The patient, despite his mild allergy to eggs, has requested to take the flu vaccine. As a subject with a high risk of developing an allergic or even anaphylactic response, special measures should be taken prior to vaccinating such a subject. Careful history should be taken to detail the egg allergy, in terms of the required quantity to trigger the allergic response and the nature of the allergic response, i.e., the time required for symptoms to appear and the extent of these symptoms. Vaccination should also take place at a healthcare facility equipped to deal with an immediate anaphylactic reaction, e.g., the presence of different methods of epinephrine administration (intramuscular and intravenous (IV) infusion), oxygen supply, and IV fluid supply [21]. The vaccinated subject should be put under observation for 30 min after vaccination to monitor the appearance of any allergic symptoms and the subject’s general condition.
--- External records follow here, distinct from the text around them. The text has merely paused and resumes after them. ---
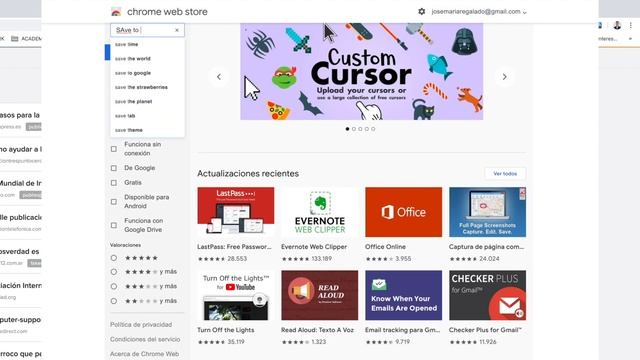 Tutorial POCKET [FULL] Guarda tus contenidos favoritos y leelos sin publicidad смотреть онлайн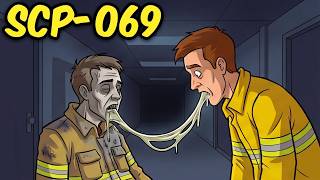 SCP-069 Do NOT Let It Become You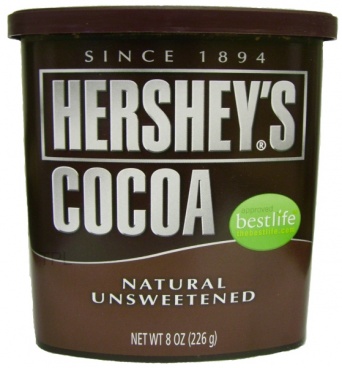 Hershey's Cocoa Powder 8oz - 12 Packs CASE BUY Hersheys for Baking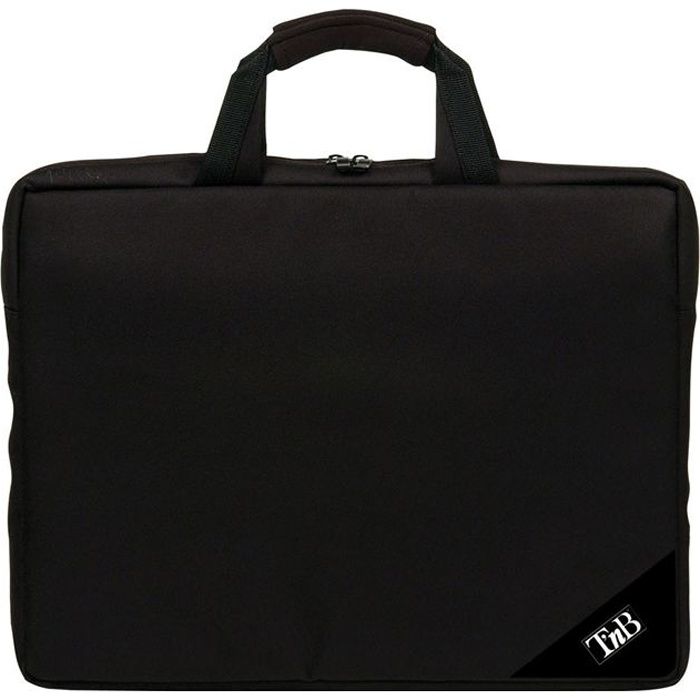 T'NB Sacoche ordinateur 15,6'' First Class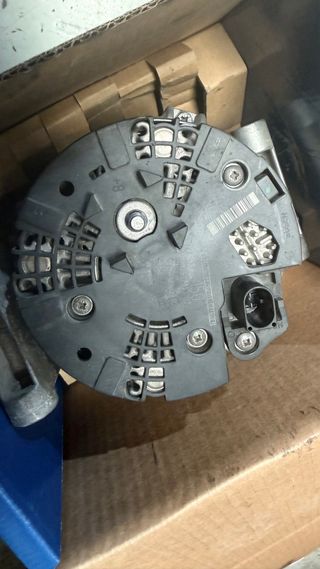 Alternador Citroen Jumper Original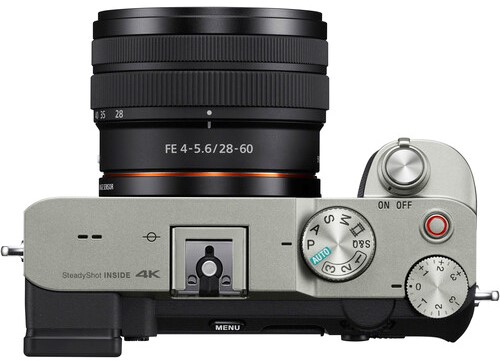 Alpha 7c Mirrorless Digital Camera Recommended Lenses image 
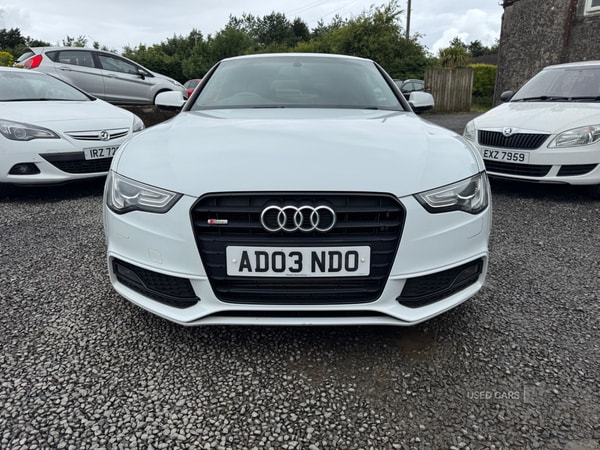 Used Audi A5 2013 for sale - 75258940: Photo 2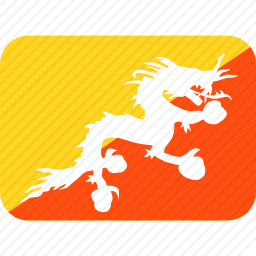 <em>不丹</em>图标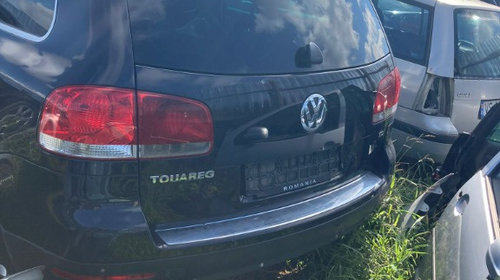 Bara spate Volkswagen Touareg 7L 2007 suv 2.5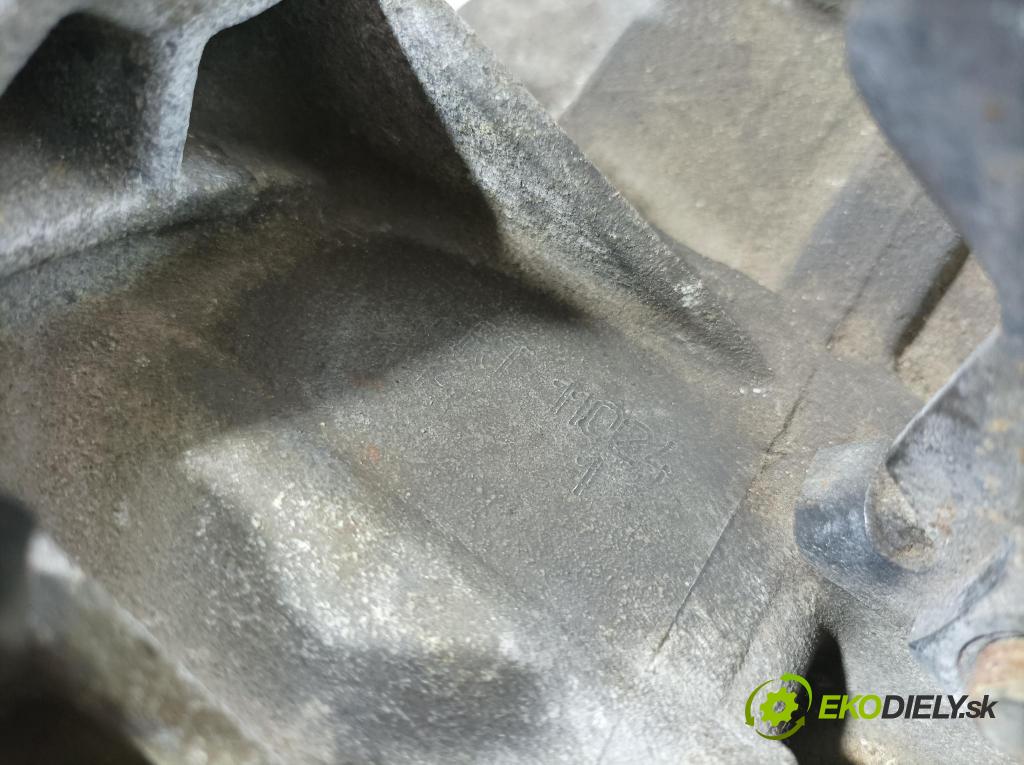 Seat Leon 2004 prevodovka Manualna ERT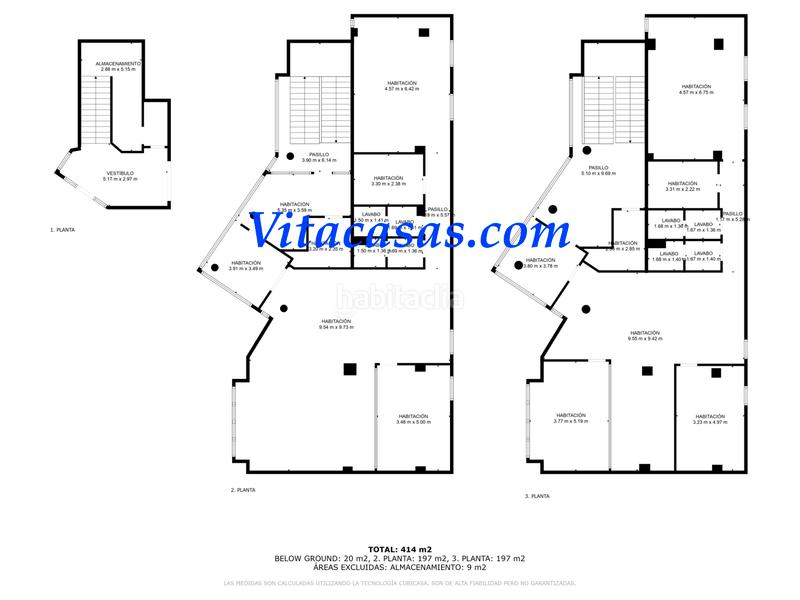 Foto 49619d13-52b9-448f-9001-a3dc9db818c2. Bureau dans avenida de aragón 336 dans Rejas Madrid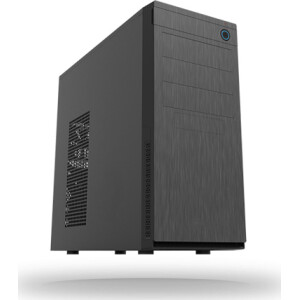 Chieftec HC-10B-OP Midi Tower Κουτί Υπολογιστή Μαύρο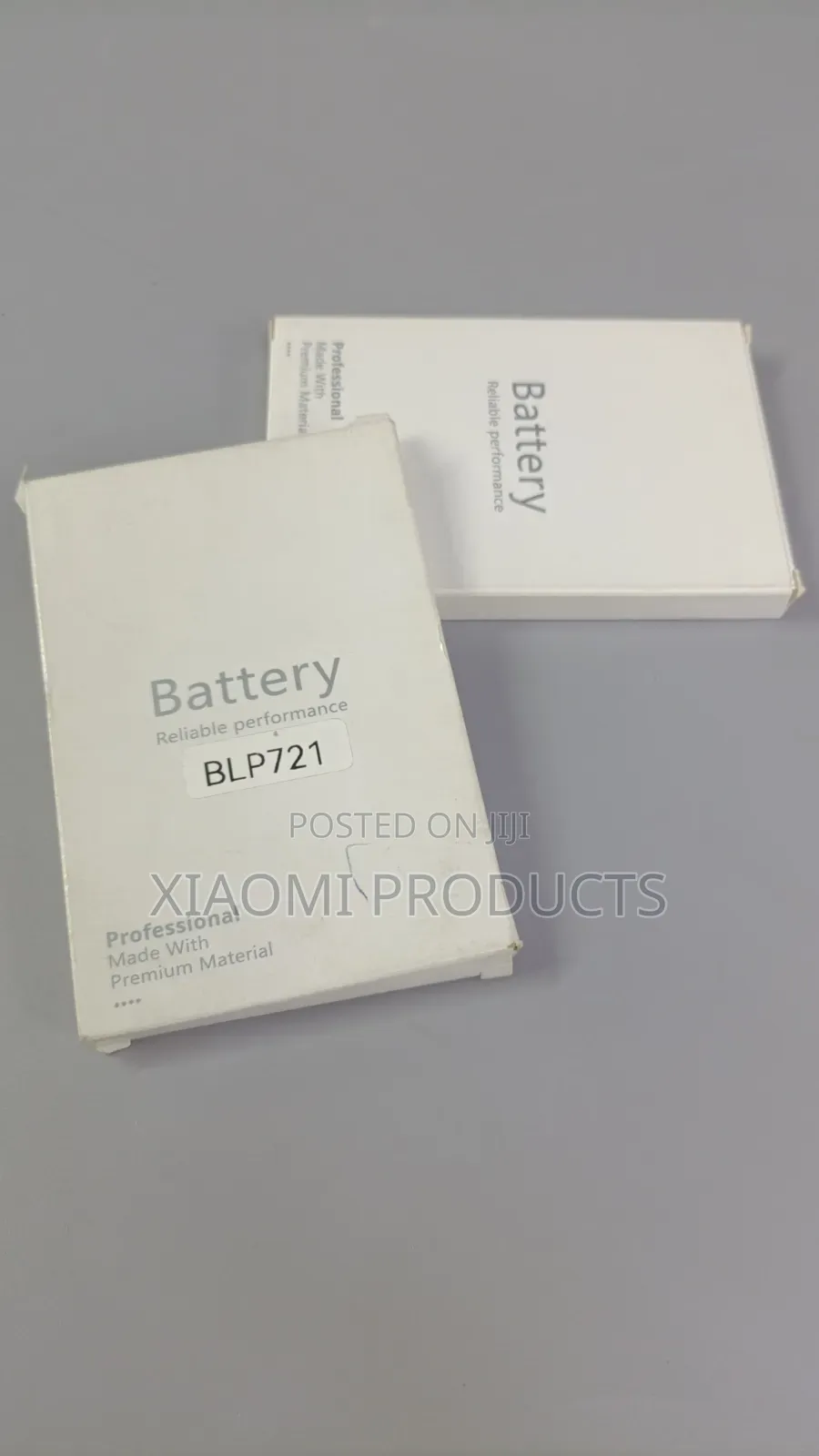 Original Realme C2 Replacement Battery (Blp721)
In case of vaccination at a primary healthcare centre or a non-medical facility, quick access to a nearby healthcare facility should be readily available in the form of a well-equipped ambulance vehicle.
Wang et al. reported a case of delayed skin rash that resolved spontaneously after vaccination with Moderna’s mRNA-1273 COVID-19 vaccine [22]. Interestingly, the presented case developed a similar localised rash, but milder, in the right arm, the one that received the influenza vaccine.
Although vaccines were invaluable in tackling and limiting the impact of the COVID-19 pandemic, several studies in Saudi Arabia have documented widespread hesitance and resistance to COVID-19 vaccinations [23,24]. Similar to studies from other countries, such an attitude seems to originate from the mass misinformation about some harmful vaccine components presented on social media, as well as in other sources of information [25]. Hence, the presence of an allergy, e.g., egg allergy, might be considered a precipitating factor to such vaccine hesitance, at a time when we are still tackling COVID-19 infection at a global scale. This could also cause parents to refrain from vaccinating their children due to some perceived harm [26], which may not be accurate.
As the present study is a case report, it carries similar limitations present in other clinical case reports. The study presents unusual findings in a single subject, making it lacking any epidemiological quantities, such as prevalence or risk ratios. Additionally, the findings presented in this case report cannot be generalised to any particular population [27], whether a condition-based population (e.g., subjects with egg allergy) or a geographical-based population (e.g., Saudi population). Despite such a limitation, case studies should not be entirely dismissed, as they constitute the first level of evidence used to guide our evidence-based medical practice [28]. As expected when interpreting case reports, the findings presented here should be carefully considered and not be overinterpreted, i.e., tending towards generalising the results in the absence of statistical justification [29]. Lastly, it is important to note that the positive findings in this case report are not claimed to be caused by either one or both vaccinations. For example, the development of rash at the site of injection cannot be claimed to be caused by vaccination. Causality cannot be determined without the presence of a valid control, and hence, case studies are unable to demonstrate causality [30].
This case study presents a learning opportunity to medical practitioners, public health researchers, as well as the public. It paves the way for future studies to be conducted on the safety of receiving COVID-19 and influenza concomitantly, which would widen the coverage of both vaccines. The study also sheds light on revising the safety of influenza vaccines to subjects with egg allergy, and whether egg allergy should be an absolute contraindication to influenza vaccination.

4. Conclusions

Vaccinations are one of the public health cornerstones due to their paramount role in reducing communicable diseases and their safety profile. Except for live-attenuated vaccines, vaccines are generally safe to administer to everyone except those with an allergy to the vaccine or one of its components. Careful history taking should be carried out to determine the presence of an allergy before vaccination. More importantly, history taking should also differentiate the type of allergy and whether vaccination would pose an imminent risk to the subject. This case report provides a unique learning opportunity to reconsider what constitutes a valid contraindication to immunisation. It also paves the way for future studies to assess the safety of the egg-based vaccine for subjects with an egg allergy and its safety to be coadministered with COVID-19 vaccines.

Funding

This research was funded by the Deanship of Scientific Research at Taibah University, grant number RC-442/25.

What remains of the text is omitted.